▶ _Provided data_
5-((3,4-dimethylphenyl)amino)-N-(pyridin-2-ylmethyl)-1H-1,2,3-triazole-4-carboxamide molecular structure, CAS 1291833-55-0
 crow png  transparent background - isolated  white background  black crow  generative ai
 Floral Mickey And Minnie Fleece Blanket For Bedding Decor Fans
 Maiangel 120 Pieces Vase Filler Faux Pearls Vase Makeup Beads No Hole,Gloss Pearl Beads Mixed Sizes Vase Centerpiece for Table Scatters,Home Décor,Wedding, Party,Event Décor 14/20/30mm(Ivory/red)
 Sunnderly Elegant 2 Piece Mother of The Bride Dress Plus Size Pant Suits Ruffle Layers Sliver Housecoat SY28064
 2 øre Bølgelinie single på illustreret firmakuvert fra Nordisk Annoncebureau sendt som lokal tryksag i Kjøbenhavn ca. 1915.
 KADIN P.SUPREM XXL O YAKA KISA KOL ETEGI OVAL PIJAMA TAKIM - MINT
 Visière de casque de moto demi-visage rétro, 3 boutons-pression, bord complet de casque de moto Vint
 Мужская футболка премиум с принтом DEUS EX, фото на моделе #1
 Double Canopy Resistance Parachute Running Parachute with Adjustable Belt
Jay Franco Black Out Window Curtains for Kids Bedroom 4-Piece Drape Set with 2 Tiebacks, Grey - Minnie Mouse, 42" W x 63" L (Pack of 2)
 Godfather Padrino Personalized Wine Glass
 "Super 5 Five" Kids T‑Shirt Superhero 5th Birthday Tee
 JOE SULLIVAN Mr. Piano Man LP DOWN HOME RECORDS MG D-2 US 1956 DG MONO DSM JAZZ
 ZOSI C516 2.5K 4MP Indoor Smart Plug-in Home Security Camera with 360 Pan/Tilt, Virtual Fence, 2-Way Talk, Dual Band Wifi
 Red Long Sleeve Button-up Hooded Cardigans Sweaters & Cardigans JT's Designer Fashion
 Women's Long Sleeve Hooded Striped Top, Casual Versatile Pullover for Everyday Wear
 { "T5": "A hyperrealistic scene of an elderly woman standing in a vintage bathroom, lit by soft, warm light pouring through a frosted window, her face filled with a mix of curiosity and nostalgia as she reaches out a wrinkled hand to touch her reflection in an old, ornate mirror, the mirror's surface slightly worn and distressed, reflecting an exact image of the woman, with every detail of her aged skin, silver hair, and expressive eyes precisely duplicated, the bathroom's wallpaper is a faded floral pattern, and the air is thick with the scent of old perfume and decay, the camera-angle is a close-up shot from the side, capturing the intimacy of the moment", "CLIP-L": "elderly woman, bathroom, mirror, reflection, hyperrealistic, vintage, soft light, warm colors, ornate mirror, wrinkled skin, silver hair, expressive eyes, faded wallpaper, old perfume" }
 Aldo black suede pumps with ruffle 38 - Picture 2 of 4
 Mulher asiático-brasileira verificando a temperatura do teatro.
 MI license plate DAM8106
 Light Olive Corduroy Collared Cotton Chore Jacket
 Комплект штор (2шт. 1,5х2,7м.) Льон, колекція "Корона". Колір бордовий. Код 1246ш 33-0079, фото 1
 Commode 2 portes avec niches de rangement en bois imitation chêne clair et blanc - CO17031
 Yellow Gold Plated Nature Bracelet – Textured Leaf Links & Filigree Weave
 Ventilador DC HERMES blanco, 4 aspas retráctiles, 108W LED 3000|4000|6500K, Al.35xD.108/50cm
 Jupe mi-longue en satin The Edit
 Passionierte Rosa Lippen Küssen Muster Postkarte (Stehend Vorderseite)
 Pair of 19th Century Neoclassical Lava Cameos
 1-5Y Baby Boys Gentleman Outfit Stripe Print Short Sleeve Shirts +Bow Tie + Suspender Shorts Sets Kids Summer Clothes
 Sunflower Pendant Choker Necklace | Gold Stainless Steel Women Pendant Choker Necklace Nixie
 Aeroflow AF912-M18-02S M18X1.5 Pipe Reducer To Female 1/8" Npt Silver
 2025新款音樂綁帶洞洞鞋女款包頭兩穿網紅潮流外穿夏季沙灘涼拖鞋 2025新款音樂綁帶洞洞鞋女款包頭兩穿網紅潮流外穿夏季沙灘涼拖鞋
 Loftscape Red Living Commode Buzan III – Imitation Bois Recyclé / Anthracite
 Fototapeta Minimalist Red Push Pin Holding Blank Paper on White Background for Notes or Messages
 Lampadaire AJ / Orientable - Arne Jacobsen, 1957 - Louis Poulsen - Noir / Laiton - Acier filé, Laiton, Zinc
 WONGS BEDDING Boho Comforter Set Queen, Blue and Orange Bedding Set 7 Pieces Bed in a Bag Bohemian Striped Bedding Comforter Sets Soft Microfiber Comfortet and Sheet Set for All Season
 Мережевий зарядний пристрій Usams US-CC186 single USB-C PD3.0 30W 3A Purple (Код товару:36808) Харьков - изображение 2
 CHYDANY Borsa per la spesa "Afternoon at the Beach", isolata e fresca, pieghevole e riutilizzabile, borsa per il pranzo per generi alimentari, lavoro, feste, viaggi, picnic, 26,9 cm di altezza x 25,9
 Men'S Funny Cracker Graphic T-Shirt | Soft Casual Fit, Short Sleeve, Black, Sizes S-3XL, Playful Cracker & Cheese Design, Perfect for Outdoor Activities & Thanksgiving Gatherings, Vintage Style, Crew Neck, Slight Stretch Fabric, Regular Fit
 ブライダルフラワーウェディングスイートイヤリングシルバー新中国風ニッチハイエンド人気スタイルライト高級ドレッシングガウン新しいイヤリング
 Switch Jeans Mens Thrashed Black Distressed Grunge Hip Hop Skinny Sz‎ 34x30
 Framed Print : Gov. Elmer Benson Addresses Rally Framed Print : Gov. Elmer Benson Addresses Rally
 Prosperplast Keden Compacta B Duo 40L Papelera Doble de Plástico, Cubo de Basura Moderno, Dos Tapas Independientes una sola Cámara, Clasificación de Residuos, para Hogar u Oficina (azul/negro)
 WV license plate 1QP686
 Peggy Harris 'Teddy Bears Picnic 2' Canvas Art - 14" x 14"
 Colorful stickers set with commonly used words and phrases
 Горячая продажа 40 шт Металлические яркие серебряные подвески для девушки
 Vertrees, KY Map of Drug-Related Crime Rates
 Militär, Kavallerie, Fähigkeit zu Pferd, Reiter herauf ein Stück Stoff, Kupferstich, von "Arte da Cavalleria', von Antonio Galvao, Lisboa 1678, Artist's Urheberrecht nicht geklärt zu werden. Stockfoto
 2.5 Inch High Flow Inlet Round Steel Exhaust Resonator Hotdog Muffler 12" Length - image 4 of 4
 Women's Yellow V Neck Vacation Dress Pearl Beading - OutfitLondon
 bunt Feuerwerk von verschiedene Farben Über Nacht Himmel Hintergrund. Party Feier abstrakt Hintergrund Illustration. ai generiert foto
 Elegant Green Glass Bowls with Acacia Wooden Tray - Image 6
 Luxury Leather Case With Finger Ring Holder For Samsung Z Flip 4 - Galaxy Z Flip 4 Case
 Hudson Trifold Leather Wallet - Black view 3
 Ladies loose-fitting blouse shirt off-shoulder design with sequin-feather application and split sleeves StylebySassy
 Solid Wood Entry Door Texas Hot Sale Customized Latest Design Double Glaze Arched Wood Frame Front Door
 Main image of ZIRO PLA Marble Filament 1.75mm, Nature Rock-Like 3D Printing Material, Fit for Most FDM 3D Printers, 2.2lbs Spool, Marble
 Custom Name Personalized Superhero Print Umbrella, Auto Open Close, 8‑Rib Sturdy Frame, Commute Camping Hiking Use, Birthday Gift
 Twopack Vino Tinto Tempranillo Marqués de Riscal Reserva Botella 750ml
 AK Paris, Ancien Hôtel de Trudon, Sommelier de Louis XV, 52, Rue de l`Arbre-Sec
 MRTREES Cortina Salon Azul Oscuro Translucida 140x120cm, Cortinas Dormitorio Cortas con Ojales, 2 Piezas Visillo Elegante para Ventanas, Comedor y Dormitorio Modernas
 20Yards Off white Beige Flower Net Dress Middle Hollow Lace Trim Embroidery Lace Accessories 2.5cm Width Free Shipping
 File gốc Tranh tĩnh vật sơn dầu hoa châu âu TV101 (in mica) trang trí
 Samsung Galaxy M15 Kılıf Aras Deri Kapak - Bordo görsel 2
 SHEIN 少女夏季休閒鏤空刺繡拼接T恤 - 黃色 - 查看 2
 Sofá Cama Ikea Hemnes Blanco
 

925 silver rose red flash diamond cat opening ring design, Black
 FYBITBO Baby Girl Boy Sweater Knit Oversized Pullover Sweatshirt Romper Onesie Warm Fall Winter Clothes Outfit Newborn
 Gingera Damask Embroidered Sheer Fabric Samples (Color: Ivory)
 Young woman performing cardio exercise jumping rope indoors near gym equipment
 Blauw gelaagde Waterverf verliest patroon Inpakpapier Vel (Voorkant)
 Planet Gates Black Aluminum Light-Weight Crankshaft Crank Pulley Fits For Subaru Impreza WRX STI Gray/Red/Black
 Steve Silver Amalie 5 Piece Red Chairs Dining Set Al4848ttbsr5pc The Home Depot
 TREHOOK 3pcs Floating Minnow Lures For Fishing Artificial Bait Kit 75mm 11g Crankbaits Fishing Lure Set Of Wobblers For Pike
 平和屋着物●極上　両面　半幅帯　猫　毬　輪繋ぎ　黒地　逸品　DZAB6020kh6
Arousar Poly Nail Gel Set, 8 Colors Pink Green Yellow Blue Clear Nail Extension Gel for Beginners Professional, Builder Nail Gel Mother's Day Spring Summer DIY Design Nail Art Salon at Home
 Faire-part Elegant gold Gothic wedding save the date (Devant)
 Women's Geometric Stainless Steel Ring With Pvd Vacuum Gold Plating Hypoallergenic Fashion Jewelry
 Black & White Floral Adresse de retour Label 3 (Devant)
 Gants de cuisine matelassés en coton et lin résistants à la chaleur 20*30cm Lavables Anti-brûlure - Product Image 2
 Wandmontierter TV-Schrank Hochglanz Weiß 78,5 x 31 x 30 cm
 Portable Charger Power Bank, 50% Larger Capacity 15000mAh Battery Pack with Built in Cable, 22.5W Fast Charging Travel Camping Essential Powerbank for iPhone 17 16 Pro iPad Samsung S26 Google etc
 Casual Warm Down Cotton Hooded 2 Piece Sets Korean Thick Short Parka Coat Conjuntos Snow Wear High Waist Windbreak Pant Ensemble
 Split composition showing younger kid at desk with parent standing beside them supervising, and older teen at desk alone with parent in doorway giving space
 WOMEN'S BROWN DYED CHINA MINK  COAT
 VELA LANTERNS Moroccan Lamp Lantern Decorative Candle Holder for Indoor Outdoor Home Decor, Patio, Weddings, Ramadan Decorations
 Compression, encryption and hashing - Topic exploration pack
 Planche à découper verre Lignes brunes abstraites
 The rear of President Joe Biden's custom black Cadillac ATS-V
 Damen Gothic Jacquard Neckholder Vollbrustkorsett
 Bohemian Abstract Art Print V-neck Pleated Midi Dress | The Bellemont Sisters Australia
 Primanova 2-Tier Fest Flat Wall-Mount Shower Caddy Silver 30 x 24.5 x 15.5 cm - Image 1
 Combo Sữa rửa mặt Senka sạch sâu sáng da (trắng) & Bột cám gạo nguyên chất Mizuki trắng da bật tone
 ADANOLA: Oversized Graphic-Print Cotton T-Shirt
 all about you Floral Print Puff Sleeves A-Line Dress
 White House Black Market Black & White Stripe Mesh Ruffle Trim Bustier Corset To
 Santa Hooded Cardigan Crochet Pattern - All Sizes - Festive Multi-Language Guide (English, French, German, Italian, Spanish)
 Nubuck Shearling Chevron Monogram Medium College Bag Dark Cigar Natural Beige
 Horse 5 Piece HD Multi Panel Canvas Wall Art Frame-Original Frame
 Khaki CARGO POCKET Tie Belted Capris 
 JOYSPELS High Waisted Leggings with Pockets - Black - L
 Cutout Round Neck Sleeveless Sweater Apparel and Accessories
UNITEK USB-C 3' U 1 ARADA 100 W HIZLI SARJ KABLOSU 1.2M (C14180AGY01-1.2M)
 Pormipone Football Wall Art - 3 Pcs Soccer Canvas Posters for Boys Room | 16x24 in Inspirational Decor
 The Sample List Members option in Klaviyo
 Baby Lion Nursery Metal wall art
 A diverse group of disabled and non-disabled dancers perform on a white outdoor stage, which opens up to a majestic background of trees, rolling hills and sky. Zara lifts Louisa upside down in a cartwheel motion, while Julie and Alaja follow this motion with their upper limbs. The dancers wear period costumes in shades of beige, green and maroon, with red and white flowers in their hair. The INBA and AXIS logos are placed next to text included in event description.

▶ _Task directions_
Every line above from the line with "Samsung Galaxy M15" to the line with "Planet Gates Black" is wanted, ends included; write them out exactly and add no other line.

▶ _Task output_
 Samsung Galaxy M15 Kılıf Aras Deri Kapak - Bordo görsel 2
 SHEIN 少女夏季休閒鏤空刺繡拼接T恤 - 黃色 - 查看 2
 Sofá Cama Ikea Hemnes Blanco
 

925 silver rose red flash diamond cat opening ring design, Black
 FYBITBO Baby Girl Boy Sweater Knit Oversized Pullover Sweatshirt Romper Onesie Warm Fall Winter Clothes Outfit Newborn
 Gingera Damask Embroidered Sheer Fabric Samples (Color: Ivory)
 Young woman performing cardio exercise jumping rope indoors near gym equipment
 Blauw gelaagde Waterverf verliest patroon Inpakpapier Vel (Voorkant)
 Planet Gates Black Aluminum Light-Weight Crankshaft Crank Pulley Fits For Subaru Impreza WRX STI Gray/Red/Black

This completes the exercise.